The most hardy µ to date, the Olympus µ 720 SW is a waterproof, 7.1-megapixel camera that's fully submersible up to 3m, for an hour at a time. This ultracompact µ is also shockproof (putting the S in SW), rated to withstand a drop of 1.5m. Sleek, responsive and outfitted with image stabilisation, the µ 720 SW makes a rugged and welcome travel companion.
Considering its stainless-steel body and solid, watertight build, the µ 720 SW is remarkably thin and light -- only 20mm wide and 164g with battery and optional XD-Picture Card installed. Contributing to the trim design, as well as the camera's watertight durability, is the fact that the f/3.5-to-f/5.0, 38mm-to-114mm zoom lens (35mm equivalent) doesn't protrude at all from the camera body. The nearly wafer-thin 3.7V lithium battery pack doesn't take up much space either.
This ruggedly handsome companion is just a little inaccessible though -- you'll need some time to get to know its intricacies. While the µ 720 SW offers some useful features, they aren't always easy to reach. The digital image-stabilisation implementation is a good example. In other cameras, you can simply press a button to enable and disable image stabilisation, while in the 720 SW, it's a mode in and of itself. In other words, you have to plan to shoot in image-stabilisation mode. If you're shooting in program or full auto mode and notice the effects of camera shake, switching to image-stabilisation mode restores the settings (that is, flash or ISO) you were previously using.

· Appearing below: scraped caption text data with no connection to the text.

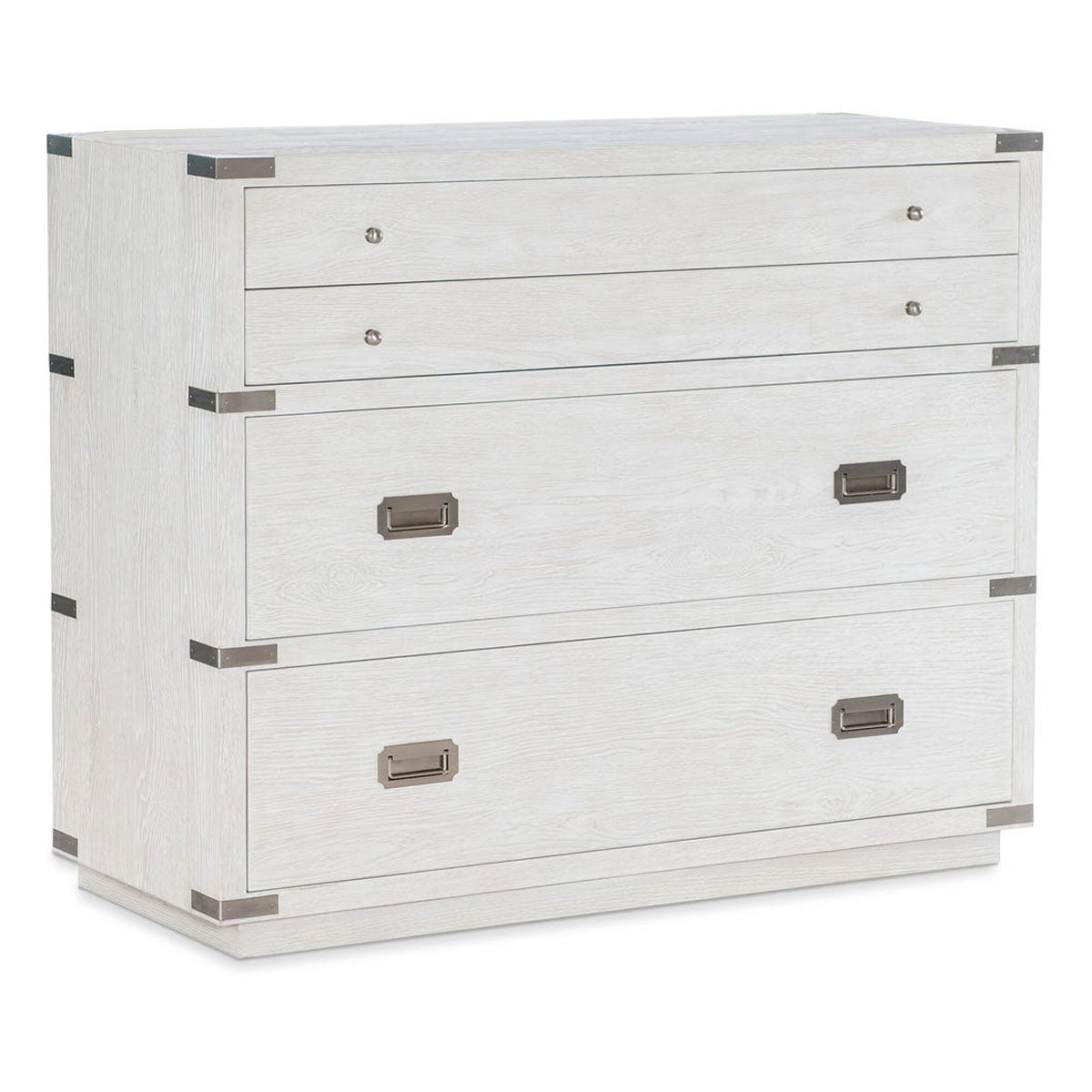 DUVAL DRAWER CHEST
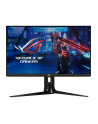 asus Monitor 27 cali XG27AQ - nr 9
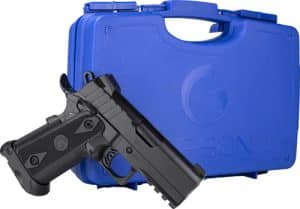 Chesapeake Gunslingers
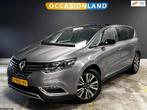 Renault Espace 1.6 TCe 200PK Initiale Paris 7p. |PANO|HUD|AC, Auto's, 1618 cc, Gebruikt, 4 cilinders, 2000 kg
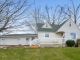 5442 136th Ave Hamilton, MI 49419 - Image 16463498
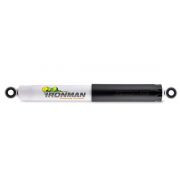 Ironman Foam Cell Steering Damper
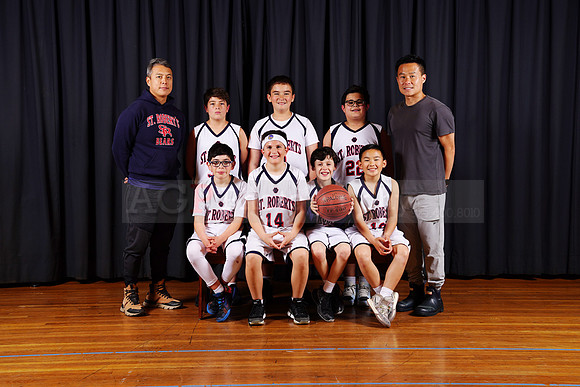 SB_5th_Grade_Boys_00002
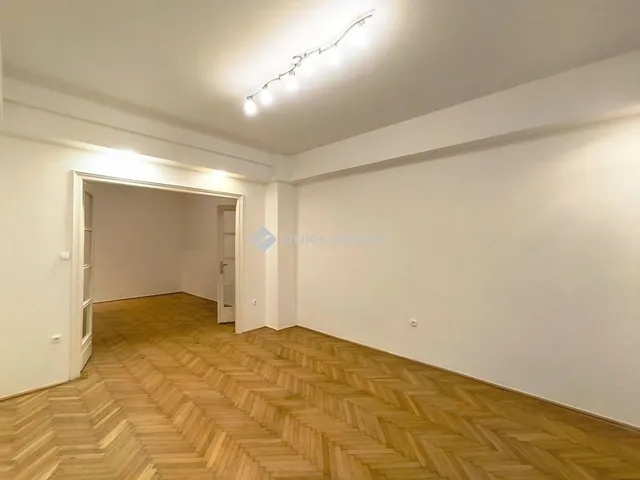 Eladó lakás Budapest XI. kerület 47 nm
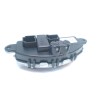 Recambio de resistencia calefaccion para renault kadjar bose edition referencia OEM IAM 271505535R  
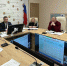 Бизнес-уполномоченный представил экспертам доклад об итогах работы в 2021 году - Сетевое издание Плесецкие новости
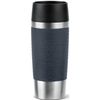 cumpără Cană termos Tefal N2021510 Travel Mug Essential 0,36l în Chișinău 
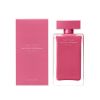 Bild von EdP "Fleur Musc for her", 50 ml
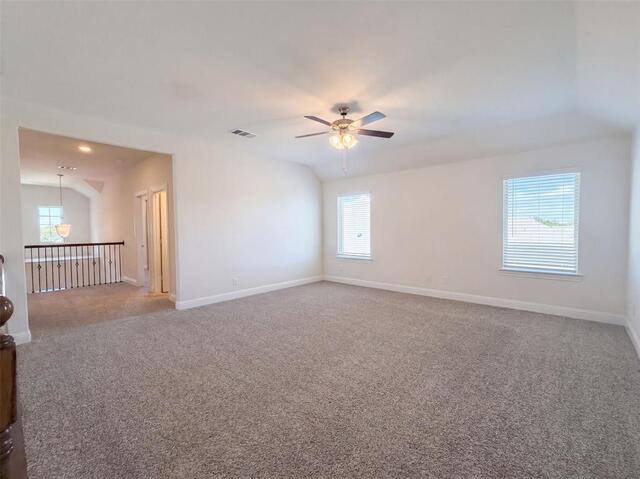 2929 Log Cabin, Drive Celina, TX photo 10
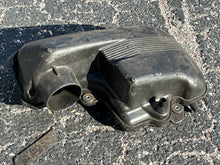 Charger l'image dans la galerie, BF 150 135 115 hp Honda 17371-ZY6-020 MUFFLER CASE old# 17371-ZY6-000, air temp sensor 37880-PLC-004 four stroke 2004-up
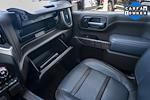 2022 GMC Sierra 2500 Crew Cab 4x4 Pickup for sale #FA7596 - photo 36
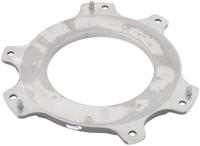 ZF SACHS Housing cover kuppl.sachs bmw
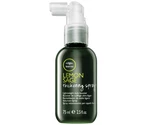 Sprej pro objem vlasů Paul Mitchell Lemon Sage Thickening Spray - 75 ml (202360) + dárek zdarma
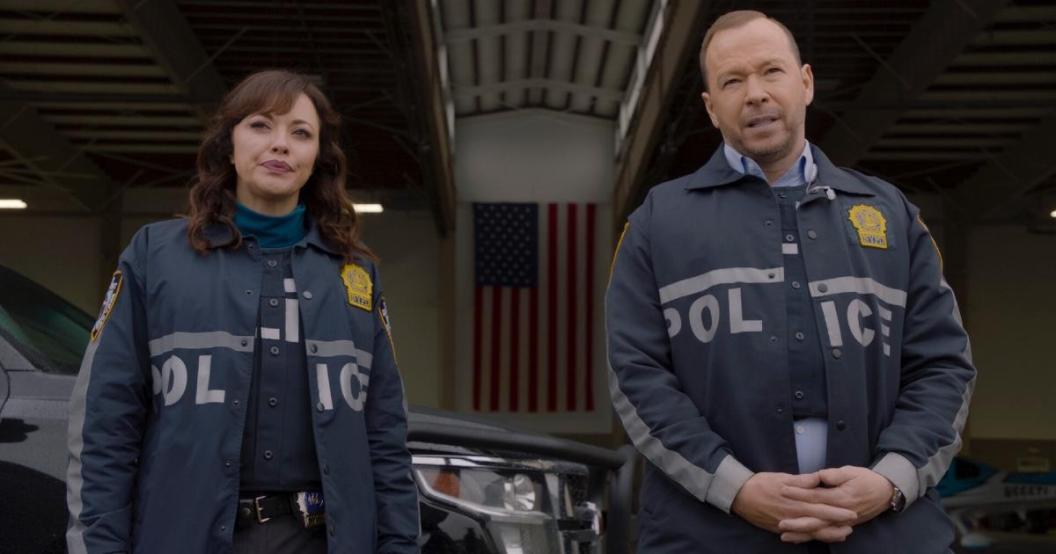 blue-bloods-close-to-home-cbs.jpg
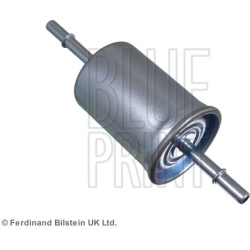 kuro filtras
                                BLUE PRINT                                                ADF122306, BLUE PRINT,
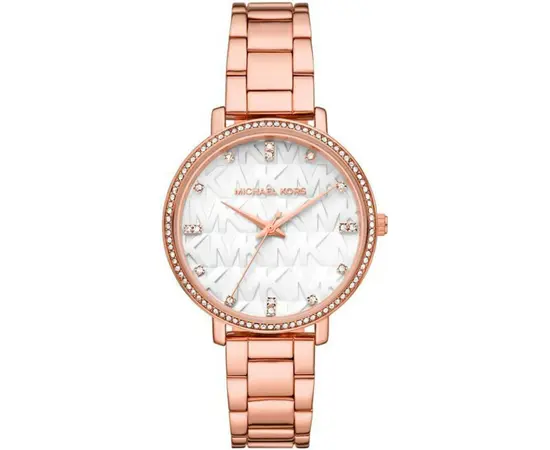 Жіночий годинник Michael Kors MK4594, зображення 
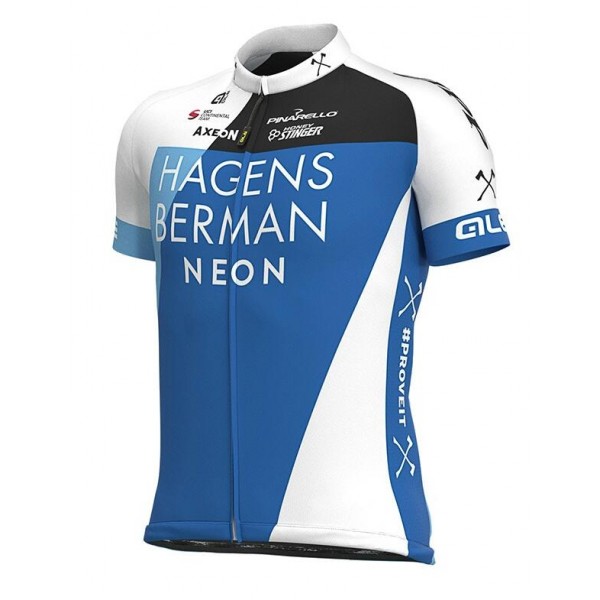 Fahrradbekleidung Radsport 2020 Team Sunweb Trikot Kurzarm Outl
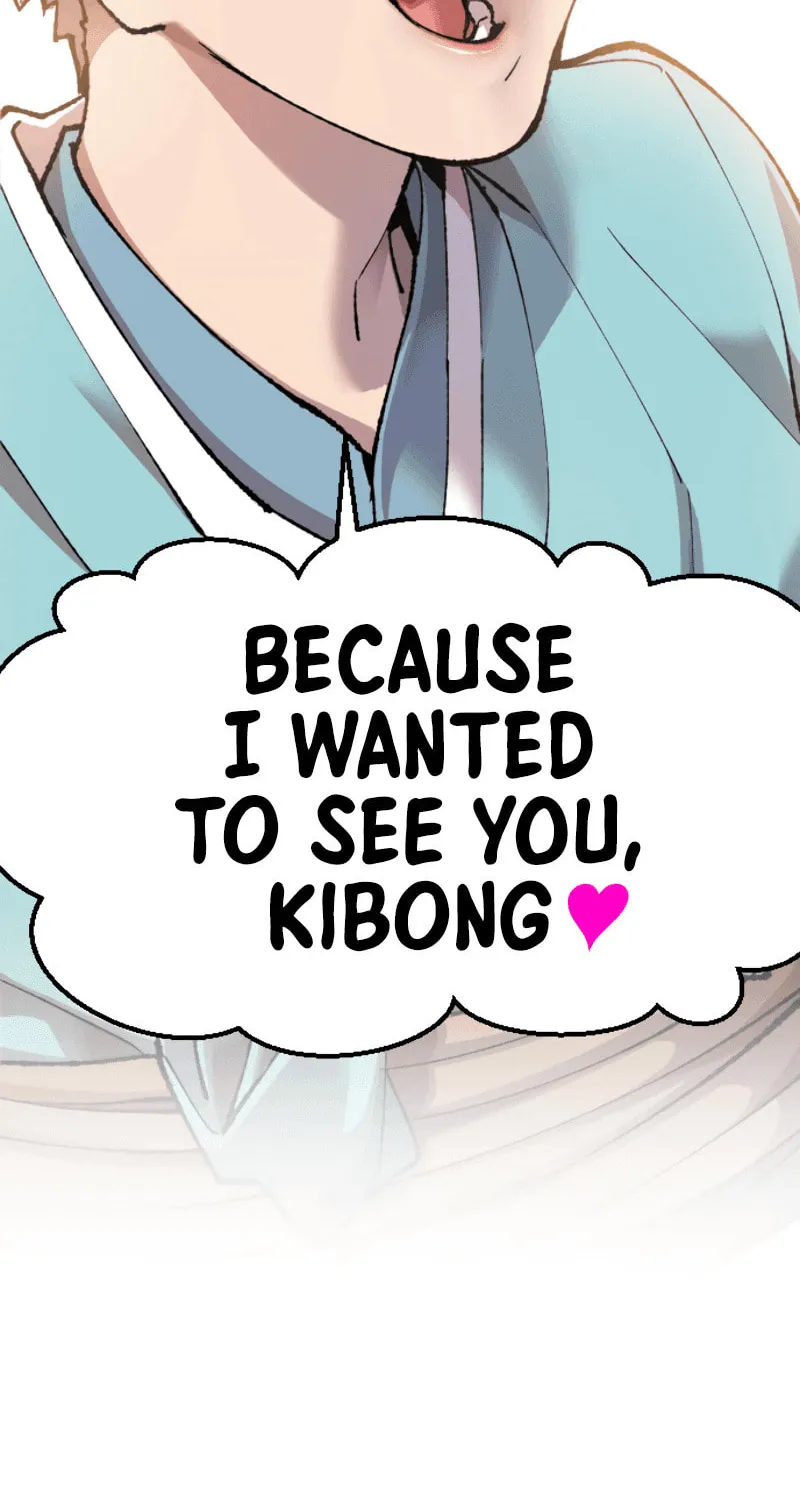 Read Limit Breaker chapter 9 image 124 on Lezhin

Just as cumbersome is selecting one of the 25 scene modes. A single button on the back controls capture modes -- press it repeatedly to select among auto, image stabilisation and scene mode settings. (Neither manual nor aperture or shutter priority are offered.) Combine that with scrolling through a list of 25 scenes, and you end up pushing a lot of buttons to access basic features such as movie mode or slow-sync flash.
Thankfully, this camera performs reasonably well under the hood. Shutter lag was 0.8 seconds in our tests, though it feels shorter while you're shooting. It took about 3.1 seconds to power up the camera and take a shot and less than 3 seconds between shots, with flash adding another second. Sequential shooting is sluggish at the highest resolution -- just 1.6fps, capped at 4 shots. At 3.8fps for an effectively unlimited number of shots, high-speed burst is better, though it requires dropping to 3-megapixel resolution.
Clearly, the Olympus µ 720 SW was designed for the open road, as reflected in the shots it takes. Quality is best under daylight, exhibiting natural colour and very good detail. Indoors, picture quality is acceptable but prone to noticeable amounts of visual noise -- as often found, noise increases with the ISO, which is user-selectable up to ISO 1,600 and tops out at ISO 2,500 in low-light scene modes. Those willing to apply noise-removal filters afterwards will be pleased by the wide ISO range, but some images taken at the widest lens setting (equivalent to 38mm, which isn't that much) revealed noticeable barrel distortion.